From: Peilin Ye <peilin.ye@bytedance.com>

Traffic redirected by bpf_redirect_peer() (used by recent CNIs like
Cilium) is not accounted for in the RX stats of veth devices, confusing
user space metrics collectors such as cAdvisor [1], as reported by
Youlun.

Currently veth devices use the @lstats per-CPU counters, which only
cover TX traffic.  veth_get_stats64() actually collects RX stats of a
veth device from its peer's TX (@lstats) counters, based on the
assumption that a veth device can _only_ receive packets from its peer,
which is no longer true.

Instead, use @tstats to maintain both per-CPU RX and TX traffic counters
for each veth device, and count bpf_redirect_peer() traffic in
skb_do_redirect().

veth_stats_rx() might need a name change (perhaps to "veth_stats_xdp()")
for less confusion, but let's leave it to a separate patch to keep this
fix minimal.

[1] Specifically, the "container_network_receive_{byte,packet}s_total"
    counters are affected.

Reported-by: Youlun Zhang <zhangyoulun@bytedance.com>
Fixes: 9aa1206e8f48 ("bpf: Add redirect_peer helper")
Cc: Jiang Wang <jiang.wang@bytedance.com>
Signed-off-by: Peilin Ye <peilin.ye@bytedance.com>
---
 drivers/net/veth.c | 36 ++++++++++++++----------------------
 net/core/filter.c  |  1 +
 2 files changed, 15 insertions(+), 22 deletions(-)

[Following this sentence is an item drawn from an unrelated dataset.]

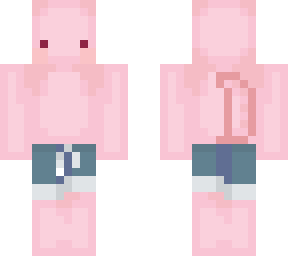 m a s c  s u m m e r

diff --git a/drivers/net/veth.c b/drivers/net/veth.c
index 9980517ed8b0..df7a7c21a46d 100644
--- a/drivers/net/veth.c
+++ b/drivers/net/veth.c
@@ -373,7 +373,7 @@ static netdev_tx_t veth_xmit(struct sk_buff *skb, struct net_device *dev)
 	skb_tx_timestamp(skb);
 	if (likely(veth_forward_skb(rcv, skb, rq, use_napi) == NET_RX_SUCCESS)) {
 		if (!use_napi)
-			dev_lstats_add(dev, length);
+			dev_sw_netstats_tx_add(dev, 1, length);
 		else
 			__veth_xdp_flush(rq);
 	} else {
@@ -387,14 +387,6 @@ static netdev_tx_t veth_xmit(struct sk_buff *skb, struct net_device *dev)
 	return ret;
 }
 
-static u64 veth_stats_tx(struct net_device *dev, u64 *packets, u64 *bytes)
-{
-	struct veth_priv *priv = netdev_priv(dev);
-
-	dev_lstats_read(dev, packets, bytes);
-	return atomic64_read(&priv->dropped);
-}
-
 static void veth_stats_rx(struct veth_stats *result, struct net_device *dev)
 {
 	struct veth_priv *priv = netdev_priv(dev);
@@ -432,24 +424,24 @@ static void veth_get_stats64(struct net_device *dev,
 	struct veth_priv *priv = netdev_priv(dev);
 	struct net_device *peer;
 	struct veth_stats rx;
-	u64 packets, bytes;
 
-	tot->tx_dropped = veth_stats_tx(dev, &packets, &bytes);
-	tot->tx_bytes = bytes;
-	tot->tx_packets = packets;
+	tot->tx_dropped = atomic64_read(&priv->dropped);
+	dev_fetch_sw_netstats(tot, dev->tstats);
 
 	veth_stats_rx(&rx, dev);
 	tot->tx_dropped += rx.xdp_tx_err;
 	tot->rx_dropped = rx.rx_drops + rx.peer_tq_xdp_xmit_err;
-	tot->rx_bytes = rx.xdp_bytes;
-	tot->rx_packets = rx.xdp_packets;
+	tot->rx_bytes += rx.xdp_bytes;
+	tot->rx_packets += rx.xdp_packets;
 
 	rcu_read_lock();
 	peer = rcu_dereference(priv->peer);
 	if (peer) {
-		veth_stats_tx(peer, &packets, &bytes);
-		tot->rx_bytes += bytes;
-		tot->rx_packets += packets;
+		struct rtnl_link_stats64 tot_peer = {};
+
+		dev_fetch_sw_netstats(&tot_peer, peer->tstats);
+		tot->rx_bytes += tot_peer.tx_bytes;
+		tot->rx_packets += tot_peer.tx_packets;
 
 		veth_stats_rx(&rx, peer);
 		tot->tx_dropped += rx.peer_tq_xdp_xmit_err;
@@ -1508,13 +1500,13 @@ static int veth_dev_init(struct net_device *dev)
 {
 	int err;
 
-	dev->lstats = netdev_alloc_pcpu_stats(struct pcpu_lstats);
-	if (!dev->lstats)
+	dev->tstats = netdev_alloc_pcpu_stats(struct pcpu_sw_netstats);
+	if (!dev->tstats)
 		return -ENOMEM;
 
 	err = veth_alloc_queues(dev);
 	if (err) {
-		free_percpu(dev->lstats);
+		free_percpu(dev->tstats);
 		return err;
 	}
 
@@ -1524,7 +1516,7 @@ static int veth_dev_init(struct net_device *dev)
 static void veth_dev_free(struct net_device *dev)
 {
 	veth_free_queues(dev);
-	free_percpu(dev->lstats);
+	free_percpu(dev->tstats);
 }
 
 #ifdef CONFIG_NET_POLL_CONTROLLER
diff --git a/net/core/filter.c b/net/core/filter.c
index 21d75108c2e9..7aca28b7d0fd 100644
--- a/net/core/filter.c
+++ b/net/core/filter.c
@@ -2492,6 +2492,7 @@ int skb_do_redirect(struct sk_buff *skb)
 			     net_eq(net, dev_net(dev))))
 			goto out_drop;
 		skb->dev = dev;
+		dev_sw_netstats_rx_add(dev, skb->len);
 		return -EAGAIN;
 	}
 	return flags & BPF_F_NEIGH ?